The art works in this show reveal that modernism became a global conversation, far beyond European borders. Just as global modernists reacted to landmark political events like the World Wars, so did the Nigerian modernists. Their journey spanned enduring years of British colonialism, where art schools enforced foreign aesthetic supremacy, through to post-independence and beyond, influencing artists in the diaspora.

The curator lays out the exhibition in nine rooms, which serve as time capsules of themes. This structure helps fully illustrate the brilliance of the art and their artists. Each room represents the multi-dimensionality of Nigeria as an amalgam of numerous cultures, uniting to form an artistic movement as rich and complex as the story of the nation itself.

The narrative starts in the first gallery room with Aina Onabolu and Akinola Lasekan. Onabolu pioneered a new figurative style, using European techniques to celebrate the dignity of Lagos society. Lasekan painted the richness of Yoruba legends and history instead of Eurocentric subjects. They turned portraiture into an act of cultural sovereignty.

The second gallery room centres on the work of Ben Enwonwu. Known primarily as a sculptor, his paintings feature notable masquerade dancers and portraits. The exhibition documents his artistic interaction with sculptor Ben Epstein. The centrepieces are wooden carvings of figures reading newspapers that appear like wings.

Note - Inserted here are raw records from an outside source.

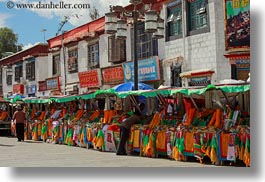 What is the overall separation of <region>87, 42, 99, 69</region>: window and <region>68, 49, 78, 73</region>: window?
2.85 ft

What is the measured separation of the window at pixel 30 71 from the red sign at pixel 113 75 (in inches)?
220

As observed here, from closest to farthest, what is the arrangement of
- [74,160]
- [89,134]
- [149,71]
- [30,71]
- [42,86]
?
[74,160], [89,134], [149,71], [42,86], [30,71]

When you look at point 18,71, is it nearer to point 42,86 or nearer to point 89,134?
point 42,86

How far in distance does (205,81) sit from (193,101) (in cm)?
341

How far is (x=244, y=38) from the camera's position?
426 inches

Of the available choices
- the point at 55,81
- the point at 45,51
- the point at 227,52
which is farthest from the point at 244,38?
the point at 45,51

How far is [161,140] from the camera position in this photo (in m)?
9.16

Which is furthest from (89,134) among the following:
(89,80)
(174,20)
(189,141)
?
(89,80)

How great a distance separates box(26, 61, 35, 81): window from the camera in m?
21.0

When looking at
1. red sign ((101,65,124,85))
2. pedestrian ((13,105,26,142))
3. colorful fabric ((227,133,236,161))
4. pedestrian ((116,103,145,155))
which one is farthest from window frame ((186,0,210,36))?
pedestrian ((13,105,26,142))

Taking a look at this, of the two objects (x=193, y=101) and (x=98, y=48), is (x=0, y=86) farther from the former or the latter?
(x=193, y=101)

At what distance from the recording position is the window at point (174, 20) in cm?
1320

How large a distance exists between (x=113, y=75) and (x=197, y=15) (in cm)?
440

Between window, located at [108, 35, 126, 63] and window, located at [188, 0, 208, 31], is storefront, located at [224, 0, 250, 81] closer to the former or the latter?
window, located at [188, 0, 208, 31] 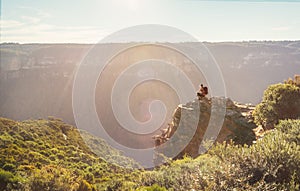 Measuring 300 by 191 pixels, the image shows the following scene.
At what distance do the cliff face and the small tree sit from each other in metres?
1.28

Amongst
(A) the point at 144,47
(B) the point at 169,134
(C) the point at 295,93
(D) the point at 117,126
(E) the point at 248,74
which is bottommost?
(D) the point at 117,126

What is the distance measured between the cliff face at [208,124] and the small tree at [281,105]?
4.21 feet

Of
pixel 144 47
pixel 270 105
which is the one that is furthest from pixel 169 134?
pixel 144 47

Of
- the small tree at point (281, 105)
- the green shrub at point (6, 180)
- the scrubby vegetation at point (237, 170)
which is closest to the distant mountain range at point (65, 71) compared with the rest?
the small tree at point (281, 105)

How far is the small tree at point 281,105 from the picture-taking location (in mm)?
13586

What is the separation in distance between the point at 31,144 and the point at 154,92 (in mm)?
52285

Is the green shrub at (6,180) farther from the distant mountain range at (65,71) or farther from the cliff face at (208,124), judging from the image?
the distant mountain range at (65,71)

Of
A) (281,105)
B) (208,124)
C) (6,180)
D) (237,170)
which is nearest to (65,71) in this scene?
(208,124)

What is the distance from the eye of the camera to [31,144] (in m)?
23.7

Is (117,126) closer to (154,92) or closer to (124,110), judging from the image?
(124,110)

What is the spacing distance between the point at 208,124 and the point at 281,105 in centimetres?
379

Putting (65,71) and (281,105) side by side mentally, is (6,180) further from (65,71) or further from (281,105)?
(65,71)

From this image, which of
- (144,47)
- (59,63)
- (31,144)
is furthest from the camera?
(59,63)

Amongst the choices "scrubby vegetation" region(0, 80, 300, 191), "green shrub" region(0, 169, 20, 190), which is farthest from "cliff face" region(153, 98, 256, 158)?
"green shrub" region(0, 169, 20, 190)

The third room is solely dedicated to the works of master potter Ladi Kwali. She famously combined traditional Gwari pottery techniques with European studio pottery after training under British potter Michael Cardew in Abuja. Her works became a statement in modernism, elevating pottery from a craft to an art form.

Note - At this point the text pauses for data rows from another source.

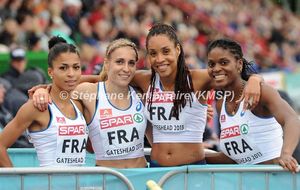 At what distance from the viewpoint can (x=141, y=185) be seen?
253 inches

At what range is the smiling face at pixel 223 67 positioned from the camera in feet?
22.6

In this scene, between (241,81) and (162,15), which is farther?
(162,15)

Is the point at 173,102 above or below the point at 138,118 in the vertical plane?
above

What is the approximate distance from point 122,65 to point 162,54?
1.17ft

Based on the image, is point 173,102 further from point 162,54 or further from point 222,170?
point 222,170

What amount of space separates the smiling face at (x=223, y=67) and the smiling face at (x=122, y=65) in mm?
683

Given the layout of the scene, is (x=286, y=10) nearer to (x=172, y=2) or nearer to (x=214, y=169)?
(x=172, y=2)

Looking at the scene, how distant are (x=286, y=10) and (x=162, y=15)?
436 inches

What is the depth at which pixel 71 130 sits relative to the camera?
21.9 ft

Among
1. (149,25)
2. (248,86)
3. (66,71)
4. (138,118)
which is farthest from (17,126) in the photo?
(149,25)

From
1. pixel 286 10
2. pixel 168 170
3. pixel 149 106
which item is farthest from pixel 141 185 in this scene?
pixel 286 10

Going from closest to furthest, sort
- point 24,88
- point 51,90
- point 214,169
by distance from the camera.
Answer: point 214,169 → point 51,90 → point 24,88

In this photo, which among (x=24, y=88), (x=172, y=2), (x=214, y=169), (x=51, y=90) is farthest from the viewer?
(x=172, y=2)

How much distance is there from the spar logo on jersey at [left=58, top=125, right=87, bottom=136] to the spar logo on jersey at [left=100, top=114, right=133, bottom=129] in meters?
0.28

Bursting through the fourth room, visitors are surrounded by the works of the Zaria Art Society. Figures like Uche Okeke and Yusuf Grillo developed the philosophy of “Natural Synthesis” in 1958. This philosophy rejected the Eurocentric curriculum of their college. They chose to incorporate motifs and ideas from various local cultural traditions. The Zaria Art Society rooted its members in strong academics and various political views.

Dr. Bruce Onobrakpeya, a later addition to that group, is an artist and educator in his 90s, still producing work and mentoring the current generation of artists. His continuing legacy includes the Harmattan Workshop, a residency that has turned into a rite of passage for Nigerian artists. This room is full of connections to the Zaria Art Society, featuring a figure like Jimo Akolo, who painted in the 1960s in London. The wall also holds cover artwork from Black Orpheus, a literary magazine of the Mbari Club co-founded by Ulli Beier. Some magazine covers were designed by Onabrakpeya.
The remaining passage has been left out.